Ende 1992 teilte sich die Tschechoslowakei in Tschechien und die Slowakei. War das, auch aus dem zeitlichen Abstand betrachtet, eine kluge Entscheidung? Das Interview mit dem tschechischen Minister für Auswärtige Angelegenheiten Karel Schwarzenberg gesendet am 2.10.2007 im Inforadio RBB.

Deutschland vor dem 3. Oktober, dem Tag der deutschen Einheit. Erinnerung an zwei Staaten, die nach dem Ende des Kalten Krieges wieder einer wurden. Während aber die Deutschen wieder zusammen gingen, lösten sich andere europäische Staaten wieder auf. Bis heute ein drängendes Problem im Gebiet des ehemaligen Jugoslawiens. Ende 1992 teilte sich die Tschechoslowakei in Tschechien und die Slowakei. War das, auch aus dem zeitlichen Abstand betrachtet, eine kluge Entscheidung?

Karel Schwarzenberg, tschechischer Außenminister, befragt von Alexander Krahe

Interview des tschechischen Ministers für Auswärtige Angelengenheiten Karel Schwarzenberg für das Inforadio RBB, gesendet am 2.Oktober 2007


Das Interview im Wortlaut:

 

 

Alexander Krahe: 14 Jahre ist es also her, dass sich die Wege der Tschechen und Slowaken getrennt habe. War das auch aus dem heutigen zeitlichen Abstand betrachtet eine kluge Entscheidung?

 

 

Karel Schwarzenberg: Es war eine unumgängliche Entscheidung, weil es entstand eine paradoxe Situation, weil weder in der einen Teilrepublik noch in der anderen war die Mehrheit der Bevölkerung für eine Teilung. Aber die Wahlergebnisse fielen so aus, dass Parteien völlig verschiedener Ausrichtungen die Wahlen gewonnen haben. Retrospektiv können wir sagen, positiver Erfolg war, dass die gegenseitigen Komplexe verschwunden sind. Die Tschechen glauben nicht mehr, dass die slowakische Wirtschaft ausschließlich auf Überweisungen aufgebaut wurde, und die Slowaken glauben nicht mehr, dass sie sozusagen in einer bevormundenden Art von oben her behandelt [wurden] als die jüngeren Brüder von Prag. Dieser Komplex ist jetzt verschwunden, und das ist zweifellos ein gewaltiger Vorteil. Wir müssen auch verzeichnen, den in den letzten Jahren gewaltigen wirtschaftlichen Aufstieg in der Slowakei. Die negativen Folgen sind, würde ich sagen: Solange wir in einem gemeinsamen Staat waren, waren wir gezwungen, auch immer die Probleme des anderen zu sehen, d.h. in beiden Ländern ist die Tendenz zur Nabelschau etwas stärker geworden. Zweitens, es gibt gar kein Zweifel, dass zwei kleine Länder geringeren Einfluss haben, als ein mittelgroßes Land. Das ist nun einmal so wie in der Wirtschaft auch in der Politik der Fall, ich meine, auch die größere Bevölkerungszahl etc. spielt - wie in der Wirtschaftskraft - eine gewisse Rolle. Das Verhältnis der beiden Völker hingegen ist so gut, wie es noch nie war, und auch zwischen den beiden Regierungen gibt es, obwohl sozusagen die eine in den böhmischen Ländern ist mehr rechts, in der Slowakei ist sie mehr links ausgerichtet - funktioniert es sehr gut.

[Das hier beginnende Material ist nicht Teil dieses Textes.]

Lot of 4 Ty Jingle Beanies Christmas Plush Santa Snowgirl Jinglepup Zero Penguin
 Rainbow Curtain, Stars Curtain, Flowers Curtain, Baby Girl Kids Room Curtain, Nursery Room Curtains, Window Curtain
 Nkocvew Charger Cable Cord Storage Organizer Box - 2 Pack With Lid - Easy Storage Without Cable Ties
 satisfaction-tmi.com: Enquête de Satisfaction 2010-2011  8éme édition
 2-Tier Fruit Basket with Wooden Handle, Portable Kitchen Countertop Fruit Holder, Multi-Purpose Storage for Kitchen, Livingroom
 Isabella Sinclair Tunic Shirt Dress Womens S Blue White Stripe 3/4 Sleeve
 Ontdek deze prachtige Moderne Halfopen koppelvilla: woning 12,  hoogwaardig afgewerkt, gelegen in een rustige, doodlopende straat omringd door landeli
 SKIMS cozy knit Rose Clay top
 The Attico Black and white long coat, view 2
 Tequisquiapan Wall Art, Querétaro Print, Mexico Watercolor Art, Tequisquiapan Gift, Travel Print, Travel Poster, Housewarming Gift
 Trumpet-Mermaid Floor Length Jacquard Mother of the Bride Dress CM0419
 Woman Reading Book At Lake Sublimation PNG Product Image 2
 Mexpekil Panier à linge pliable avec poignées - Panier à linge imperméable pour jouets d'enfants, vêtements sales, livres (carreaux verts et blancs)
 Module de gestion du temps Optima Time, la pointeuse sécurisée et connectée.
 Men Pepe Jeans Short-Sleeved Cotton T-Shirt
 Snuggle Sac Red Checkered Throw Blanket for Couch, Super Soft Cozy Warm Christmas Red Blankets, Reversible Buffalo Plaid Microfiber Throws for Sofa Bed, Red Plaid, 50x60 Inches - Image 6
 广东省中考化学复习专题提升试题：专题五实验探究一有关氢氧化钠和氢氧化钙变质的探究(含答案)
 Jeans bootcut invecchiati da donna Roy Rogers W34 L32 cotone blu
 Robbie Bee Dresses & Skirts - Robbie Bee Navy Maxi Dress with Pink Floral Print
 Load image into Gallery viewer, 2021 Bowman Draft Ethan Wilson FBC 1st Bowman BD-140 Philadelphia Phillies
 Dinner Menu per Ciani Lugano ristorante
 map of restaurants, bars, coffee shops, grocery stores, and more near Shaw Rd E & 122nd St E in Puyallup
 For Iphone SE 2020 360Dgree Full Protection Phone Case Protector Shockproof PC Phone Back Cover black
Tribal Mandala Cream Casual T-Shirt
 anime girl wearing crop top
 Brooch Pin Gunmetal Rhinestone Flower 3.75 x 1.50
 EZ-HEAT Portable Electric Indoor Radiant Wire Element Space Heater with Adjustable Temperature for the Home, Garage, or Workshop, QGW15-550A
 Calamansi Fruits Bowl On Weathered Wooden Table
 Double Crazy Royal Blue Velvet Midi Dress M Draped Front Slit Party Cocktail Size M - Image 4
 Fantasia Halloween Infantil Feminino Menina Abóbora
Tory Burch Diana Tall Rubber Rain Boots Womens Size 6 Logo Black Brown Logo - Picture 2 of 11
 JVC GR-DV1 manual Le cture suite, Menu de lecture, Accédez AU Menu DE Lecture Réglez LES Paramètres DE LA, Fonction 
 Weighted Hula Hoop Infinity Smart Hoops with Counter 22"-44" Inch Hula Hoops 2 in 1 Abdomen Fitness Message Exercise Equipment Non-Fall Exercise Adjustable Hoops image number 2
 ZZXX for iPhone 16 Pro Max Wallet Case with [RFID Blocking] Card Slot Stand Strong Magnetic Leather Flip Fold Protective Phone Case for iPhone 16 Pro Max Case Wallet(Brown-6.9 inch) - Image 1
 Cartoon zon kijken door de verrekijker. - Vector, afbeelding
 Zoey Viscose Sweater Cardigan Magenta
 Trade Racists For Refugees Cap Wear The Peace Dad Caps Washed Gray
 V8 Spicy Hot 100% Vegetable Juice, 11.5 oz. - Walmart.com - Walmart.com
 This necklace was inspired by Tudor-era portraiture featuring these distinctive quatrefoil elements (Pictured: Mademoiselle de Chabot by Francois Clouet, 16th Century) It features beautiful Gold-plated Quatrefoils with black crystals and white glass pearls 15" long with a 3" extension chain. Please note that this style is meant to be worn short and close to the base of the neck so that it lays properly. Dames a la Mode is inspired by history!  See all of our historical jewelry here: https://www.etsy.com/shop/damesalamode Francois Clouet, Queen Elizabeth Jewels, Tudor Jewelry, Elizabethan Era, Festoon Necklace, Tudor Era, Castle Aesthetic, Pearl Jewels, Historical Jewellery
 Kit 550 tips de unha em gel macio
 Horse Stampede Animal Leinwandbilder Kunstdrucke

Krahe: Nun, sprechen wir über Nationalstaaten, die damals neu entstanden sind und heute wissen wir, die Europäische Union eint sie dann doch. Welche Bedeutung bleibt denn bei den Nationalstaaten aus ihrer Sich? Nehmen wir das politische Lebensgefühl der Tschechen und der Slowaken.

Schwarzenberg: Schauen Sie, ich glaube für den Normalbürger werden die Nationalstaaten noch zumindest für eine Generation, die wesentliche Einheit bleiben. Wir wissen alle nicht, wie stark sich die Europäische Union sozusagen föderalisieren wird, wie weit sich die einzelnen Staaten asymptotisch annähern werden. Das liegt noch in der Zukunft. Ich bin kein Prophet, traue mir darüber auch keine Aussage, obwohl natürlich jedes Bürgers Leben in der Europäischen Union zunehmend stärker von den Brüsseler Entscheidungen beeinflusst wird. Vorderhand ist doch einmal der wesentliche Rahmen für jeden, ob es ein Spanier, ein Portugiese ist, Schwede oder Italiener, bleibt zunächst einmal die Europäische Union die übergeordnete Autorität und nicht die unmittelbare.


Krahe: Tschechen und Slowaken, wir haben über die Trennung Ende 1992 gesprochen. Mittelfristig - wird man wieder zusammengehen? Was denken Sie?

Schwarzenberg: Ich glaube nicht, dass wir wieder einen gemeinsamen Staat schaffen werden, aber ich nehme an, dass wir genauso fröhlich nebeneinander leben werden, wie zum Beispiel Belgien und Luxemburg oder die Niederlande.